In fact, these scandals can be traced back to the origins of publicly traded companies, when the first stockbrokers bought and sold company shares and government securities in the coffeehouses of London’s Exchange Alley during the 1700s.
There are many similarities between what’s known as the Charitable Corporation Scandal and the recent collapse of FTX.
The Charitable Corporation was established in London in 1707 with the noble mission of providing “relief of the industrious poor by assisting them with small sums at legal interest.”
Essentially, it sought to provide lowinterest loans to poor tradesmen, shielding them from predatory pawnbrokers who charged as much as 30% interest. The corporation made loans available at the rate of 5% in return for a pledge of property for security.
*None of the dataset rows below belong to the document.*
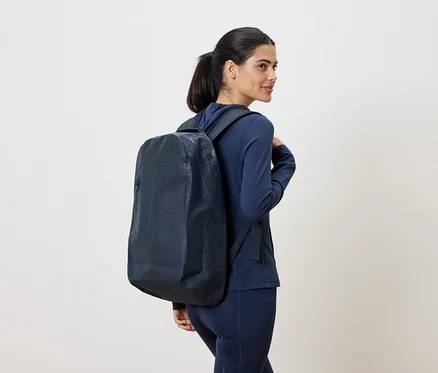 Une femme en survêtement bleu marine avec un sac à dos bleu marine sur l'épaule regarde par-dessus son épaule.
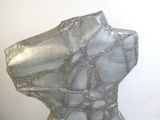 une sculpture représentant un torse en verre posée sur une table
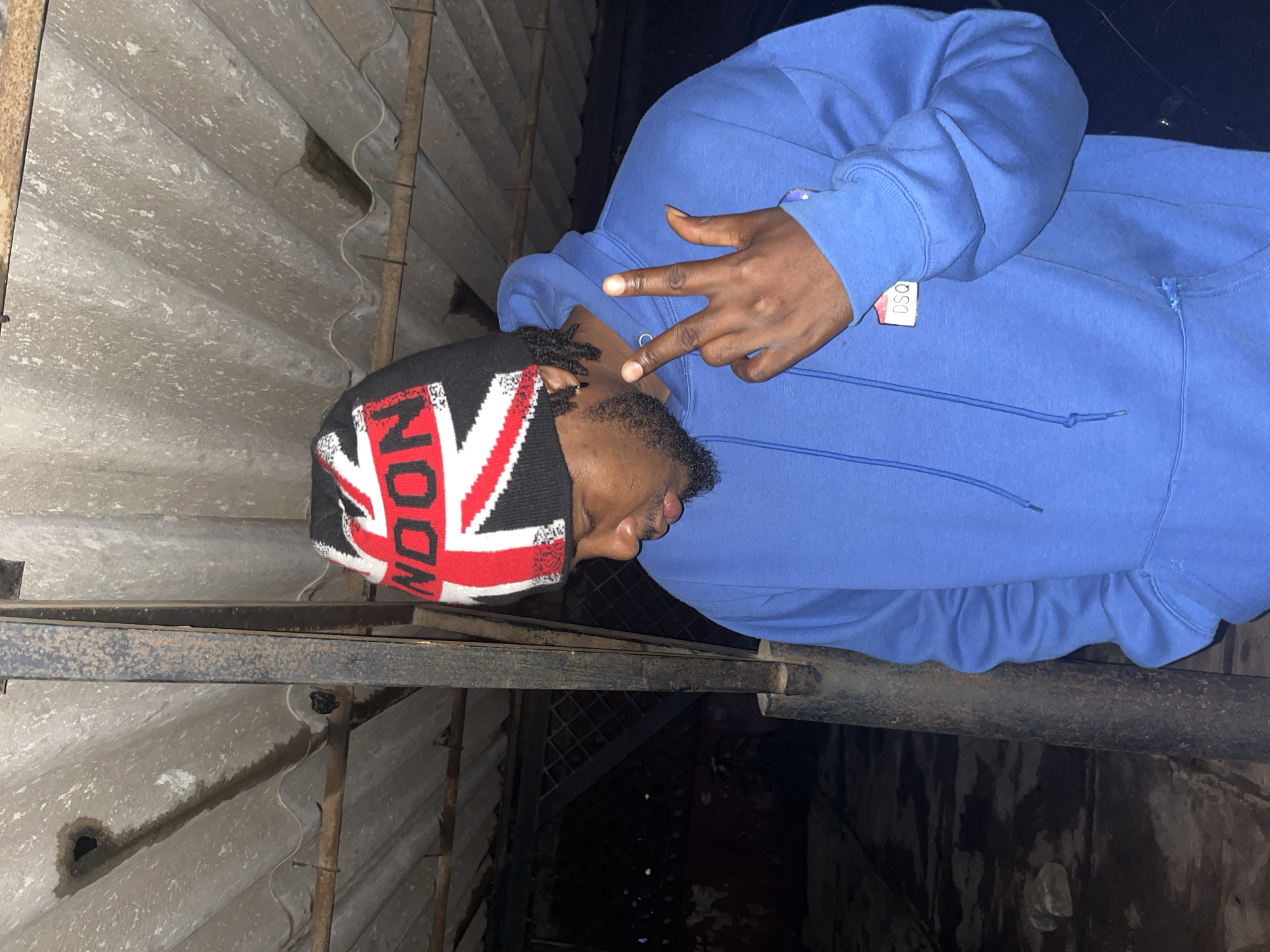 A young Black male wearing a blue hooded sweatshirt and a black beanie with the Union Jack design is standing in front of a corrugated metal roof. He is looking down and to his left, with his right hand raised in front of his chest, displaying a peace sign with his index and middle fingers. The background is dark and appears to be an outdoor or partially enclosed space with visible metal supports and the ribbed texture of the roof. The image is shot from a medium-low angle, focusing on the subject and his immediate surroundings.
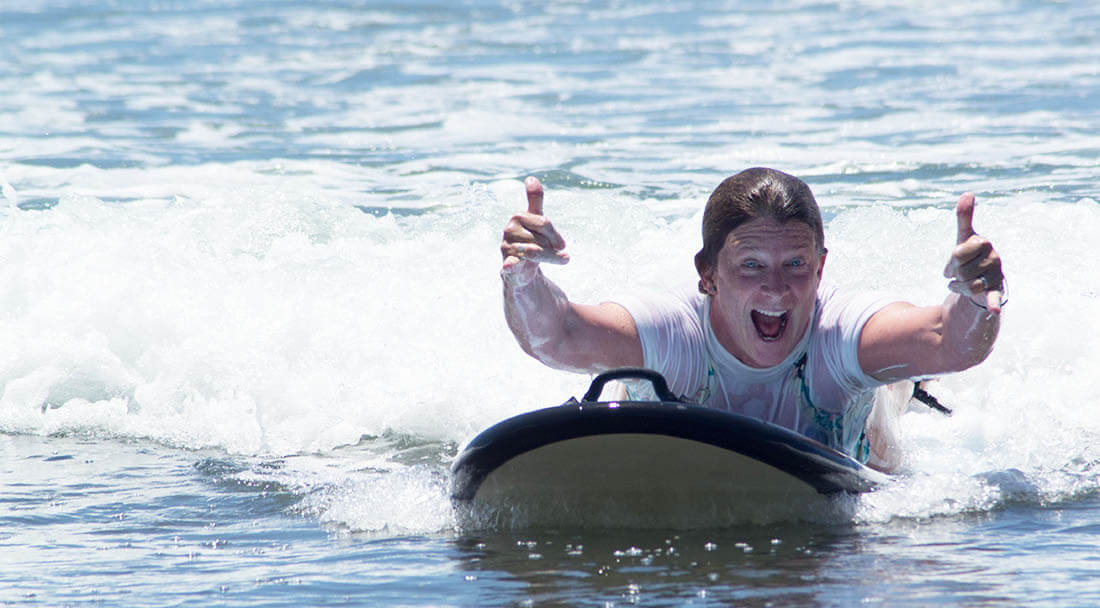 Surfer smiling and stoked in whitewater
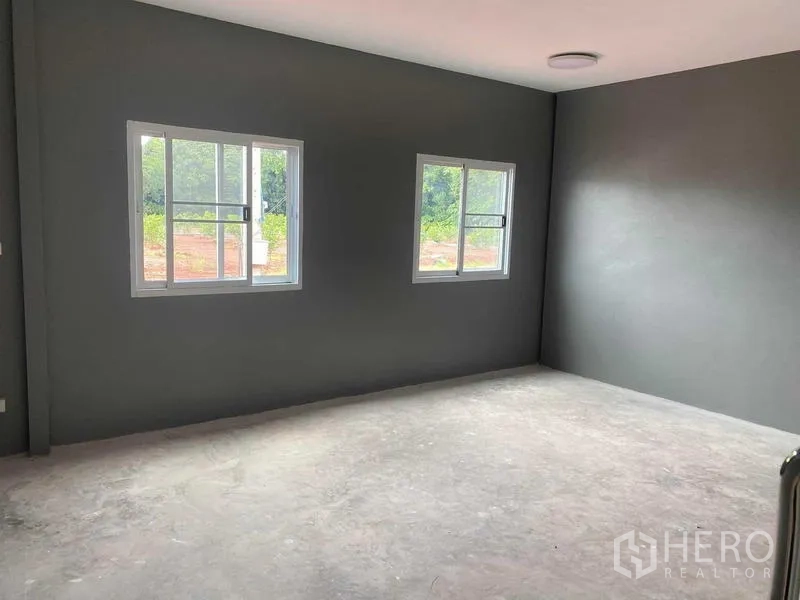 คลังสินค้า ให้เช่าในBang Bon, Bangkok - ห้องออฟฟิศสว่าง มีหน้าต่างบานเลื่อนสองบาน ผนังสีเทา และพื้นคอนกรีต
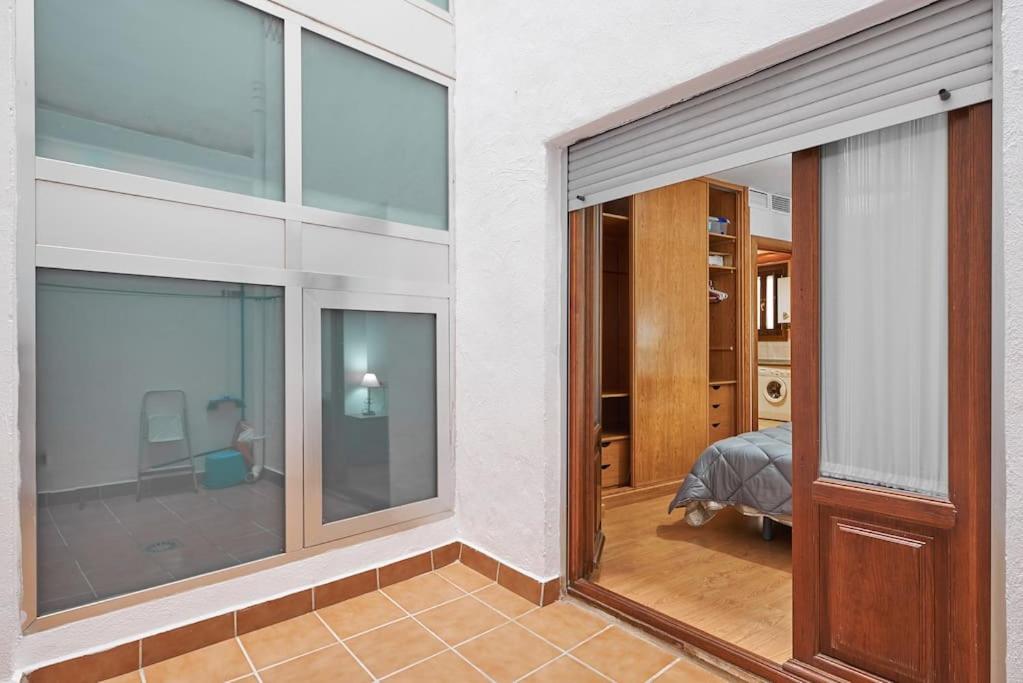 A bed or beds in a room at Deluxe Apartment Granada
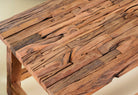 Close up image of a rustic driftwood coffee table made from reclaimed wood with sandblasted finish; sustainable furniture, 100 × 50 × 45 cm.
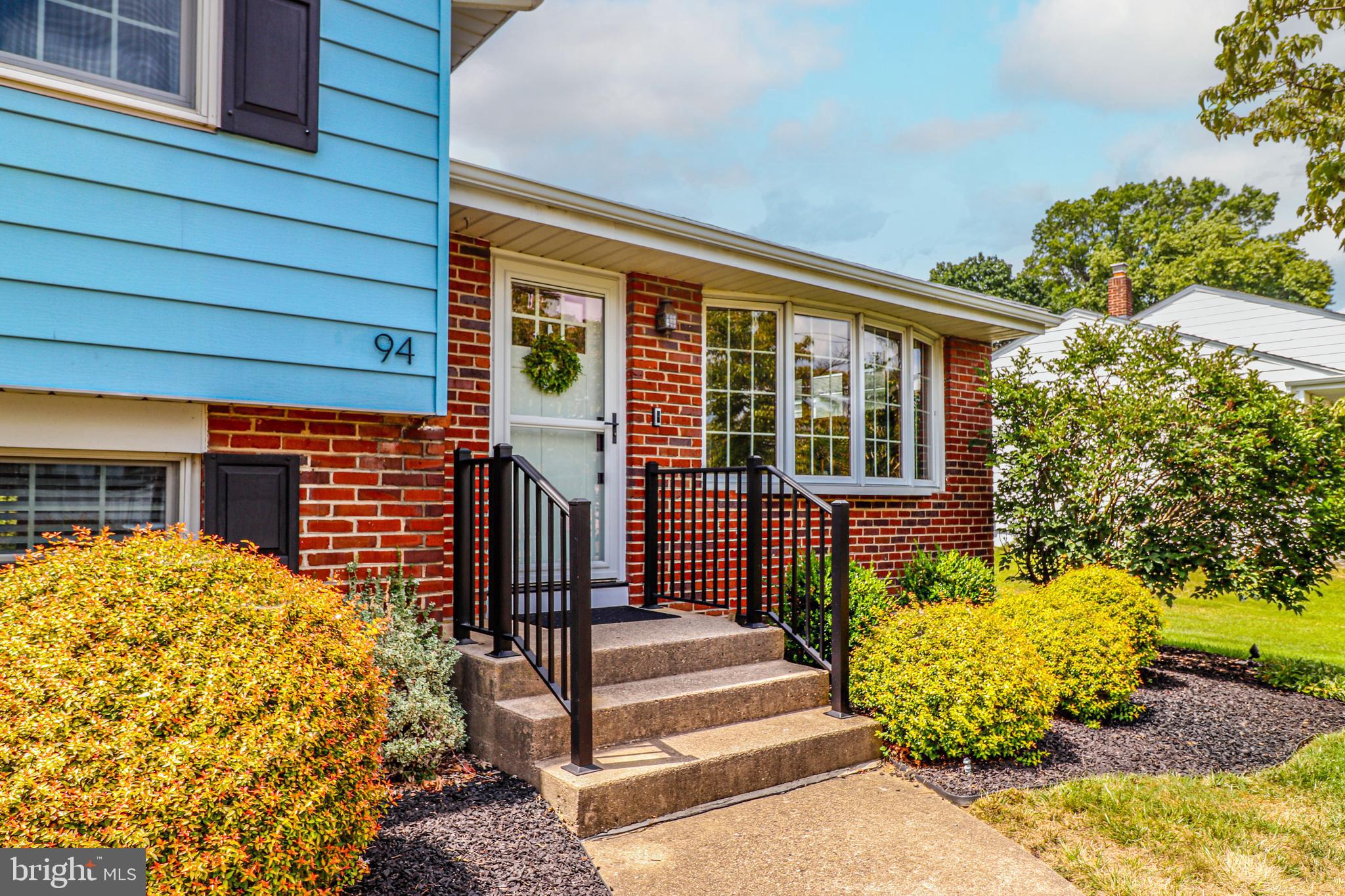 94 Winding Way Hamilton, NJ 08620 - Photo 3 of 38 a front view of a house with a garden
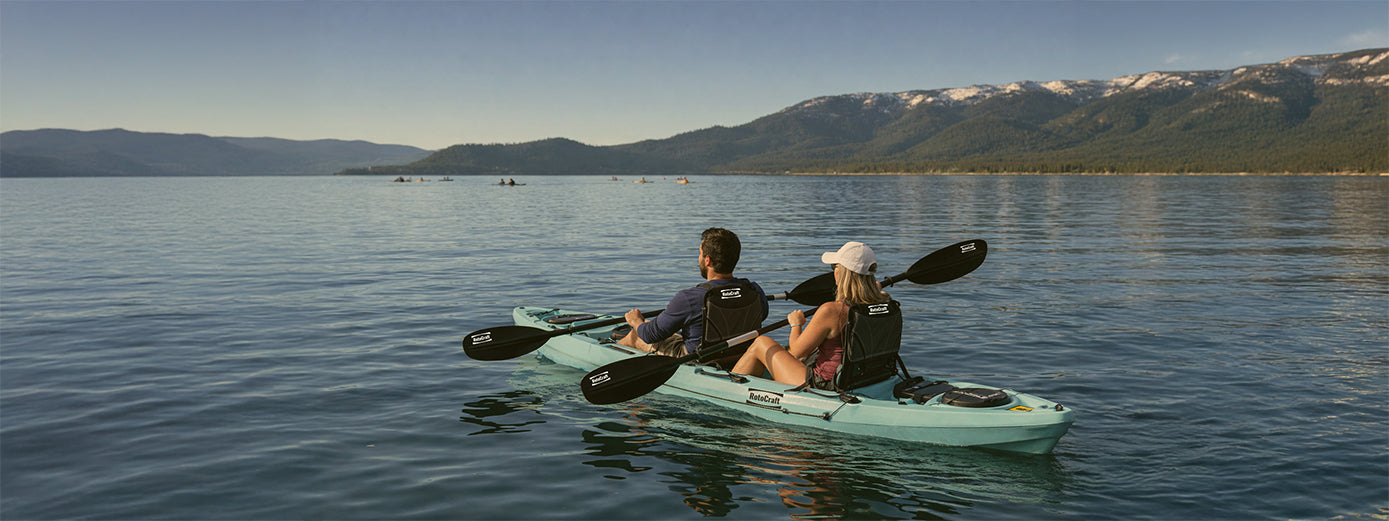 kayakers on a turquoise kayak paddling on a mountain lake on a sunny day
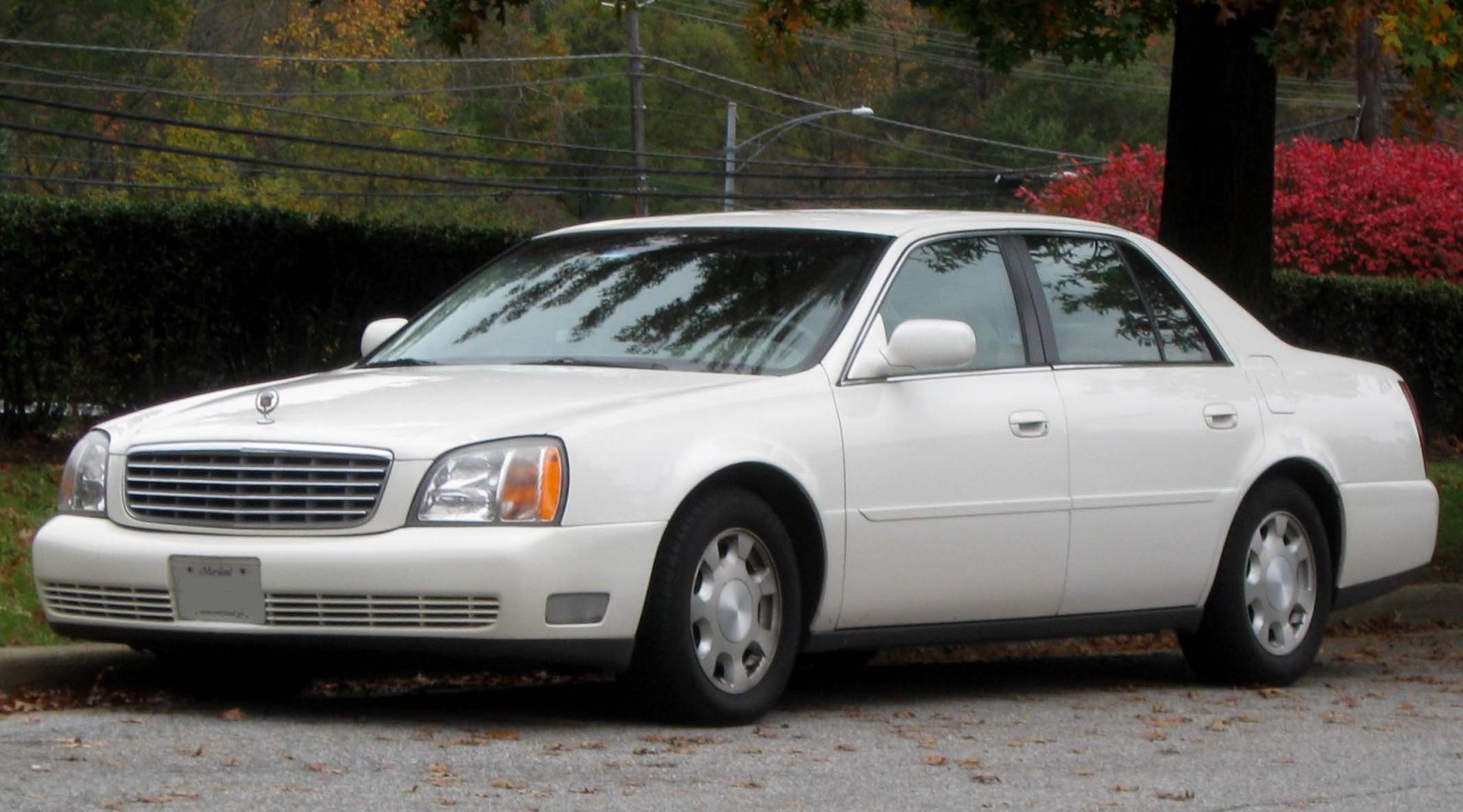 White four-door luxury sedan with classic front grille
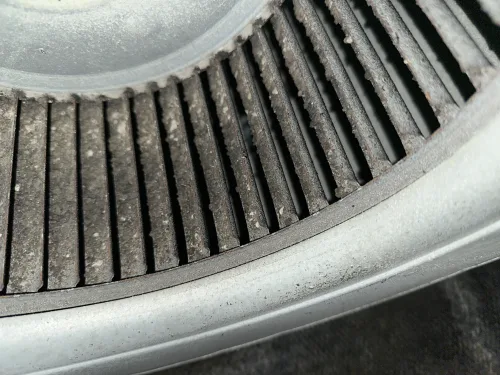Dust caked between the blades of an AC blower wheel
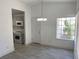 Dining area with window view next to a kitchen, featuring gray cabinets and stainless steel appliances at 1501 Wintergreen Dr, Las Vegas, NV 89128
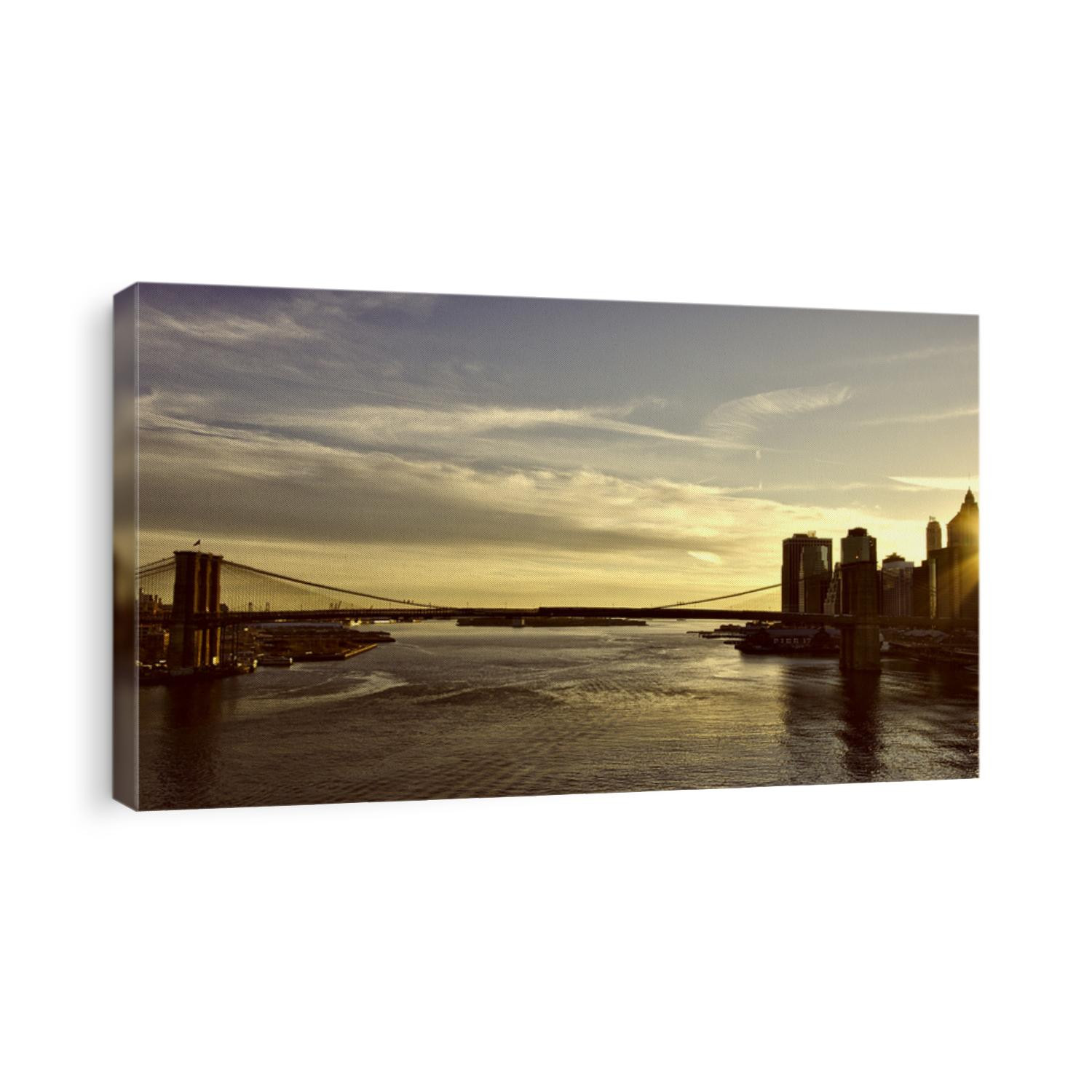 Brooklyn Bridge with sunset over Manhattan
Under its original mission, it was like an 18th-century version of today’s socially responsible investing, or “sustainable investment funds.”
In 1725, the Charitable Corporation diverted from its original mission when a new board of directors took over.
These men turned the corporation into their own piggy bank, taking money from it to buy shares and prop up their other companies. At the same time, the company’s employees began to engage in fraud: Safety checks ceased, books were kept irregularly and pledges went unrecorded.
Investigators would ultimately find that 400,000 pounds or more in capital was missing – roughly $108 million in today’s U.S. dollars.
In the autumn of 1731, rumors began to circulate about the solvency of the Charitable Corporation. The warehouse keeper at the time, John Thomson, who was in charge of all loans and pledges but also in league with the five fraudulent directors, hid the company’s books and fled the country.
At the shareholders’ quarterly meeting, they found that money, pledges and accounts had all gone missing. At this point, the proprietors of the Charitable Corporation stock appealed to the British Parliament for redress.
The parliamentary investigation led to various charges being leveled against both managers and employees of the Charitable Corporation. Many of them were forced to appear before Parliament and were arrested if they did not. The managers and employees deemed most responsible for the 1732 fraud, such as William Burroughs, had their assets seized and inventoried in order to help pay back the shareholder losses.
In the end, the shareholders received a partial government bailout – Parliament authorized a lottery that reimbursed only 40% of what the corporation’s creditors had lost.
There are several key characteristics that stand out in the collapses of both the Charitable Corporation and FTX. Both companies were offering something new or venturing into a new sector. In the former’s case, it was microloans. In FTX’s case, it was cryptocurrency.